## Summary

No distinct same-root-cause bypass was confirmed for CVE-2026-58453. The variant search tested an alternate protected NetSDK entry point (`/NetSDK/Network/interface/1`) using the same default Basic credential (`admin:`) and compared it with a fixed-control configuration where the same Anyka N1/`anyka_ipc` HTTP service code was provisioned with a non-empty admin password. The alternate NetSDK path reproduced on the vulnerable/default configuration but failed with HTTP 401 on the fixed control, so it is an alternate protected endpoint on the vulnerable surface, not a bypass. Public/no-auth observations on `/snapshot.jpg` and `/cgi-bin/gw2.cgi` were excluded because they do not depend on the `admin` empty-password root cause.
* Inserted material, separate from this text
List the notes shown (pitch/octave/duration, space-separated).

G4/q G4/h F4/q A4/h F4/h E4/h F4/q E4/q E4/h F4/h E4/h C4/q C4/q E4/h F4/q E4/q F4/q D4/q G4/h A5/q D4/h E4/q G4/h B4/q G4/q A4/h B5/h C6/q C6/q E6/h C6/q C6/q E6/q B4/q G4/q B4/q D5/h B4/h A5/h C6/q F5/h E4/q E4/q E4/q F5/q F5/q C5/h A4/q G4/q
## Fix Coverage / Assumptions

The relevant fix invariant is: the HTTP user database must never contain a factory/default `admin` account with an empty password, and empty passwords should be rejected when loading or creating users. No official vendor patched firmware or upstream fix commit was available for testing, so the run used a behavioral fixed control that provisions `admin` with `fixed-secret` in the same service code.
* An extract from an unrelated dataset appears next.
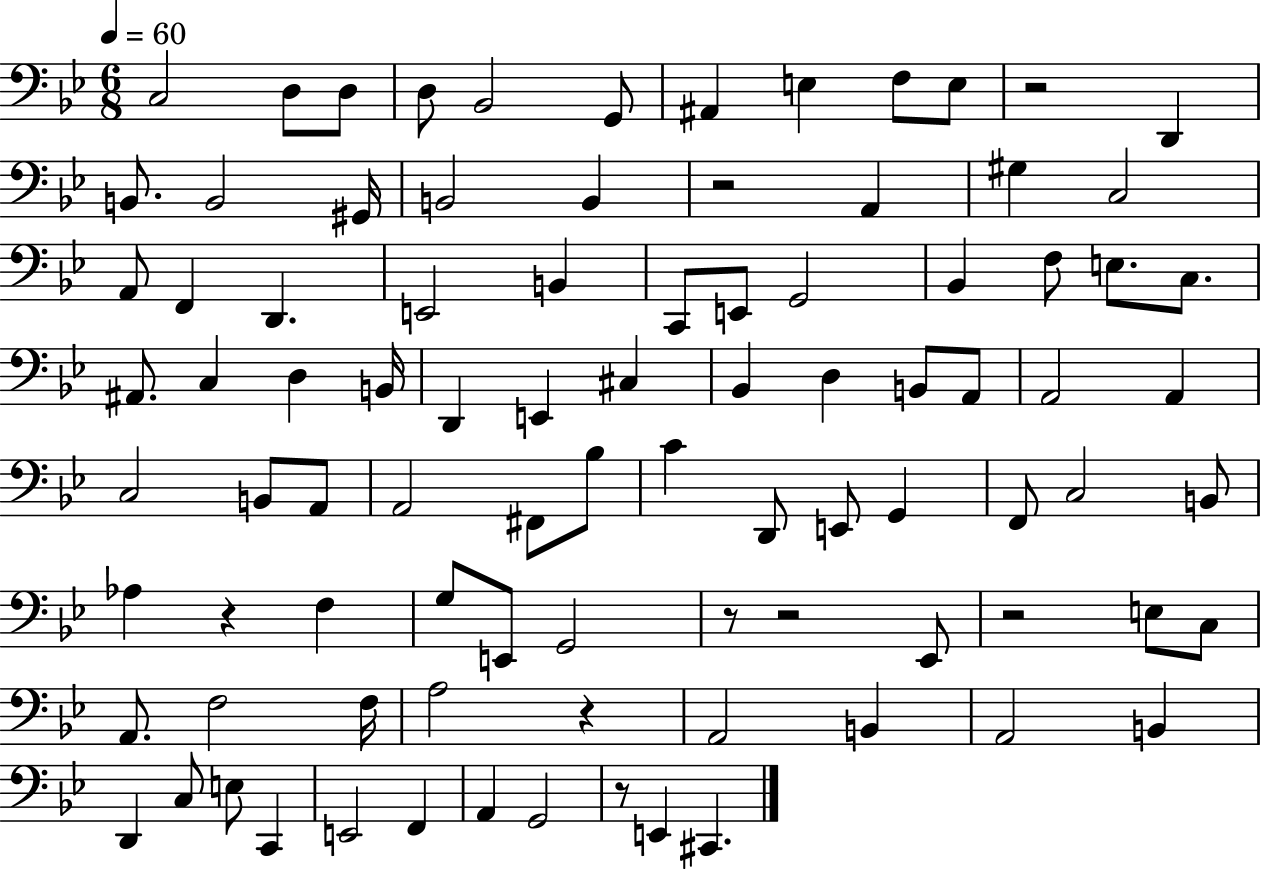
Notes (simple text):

C3/h D3/e D3/e D3/e Bb2/h G2/e A#2/q E3/q F3/e E3/e R/h D2/q B2/e. B2/h G#2/s B2/h B2/q R/h A2/q G#3/q C3/h A2/e F2/q D2/q. E2/h B2/q C2/e E2/e G2/h Bb2/q F3/e E3/e. C3/e. A#2/e. C3/q D3/q B2/s D2/q E2/q C#3/q Bb2/q D3/q B2/e A2/e A2/h A2/q C3/h B2/e A2/e A2/h F#2/e Bb3/e C4/q D2/e E2/e G2/q F2/e C3/h B2/e Ab3/q R/q F3/q G3/e E2/e G2/h R/e R/h Eb2/e R/h E3/e C3/e A2/e. F3/h F3/s A3/h R/q A2/h B2/q A2/h B2/q D2/q C3/e E3/e C2/q E2/h F2/q A2/q G2/h R/e E2/q C#2/q.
The root-cause code path explicitly covered by this expected fix is:

- `source/anyka_ipc/cloud/n1/src/n1_init.c`, `n1_usr_load()`.
- If `/etc/jffs2/usr.conf` cannot be opened, the tested source calls `NK_N1Device_AddUser("admin", "", 0)`.
- If allocation fails while loading `usr.conf`, it repeats the same empty-password fallback.
- The NetSDK HTTP library then validates Basic credentials against that stored user database.

The runtime fixed control showed that changing the stored password covers at least two protected NetSDK routes:

- `/NetSDK/System/deviceInfo`
- `/NetSDK/Network/interface/1`

What the modeled fix does not cover: routes that are not protected by the same Basic-auth user database. The run observed no-auth HTTP 200 responses for `/snapshot.jpg` and `/cgi-bin/gw2.cgi` in the controlled harness, but these are not CVE-2026-58453 bypasses because they remain reachable without any use of `admin:` and therefore do not reach the same credential root cause.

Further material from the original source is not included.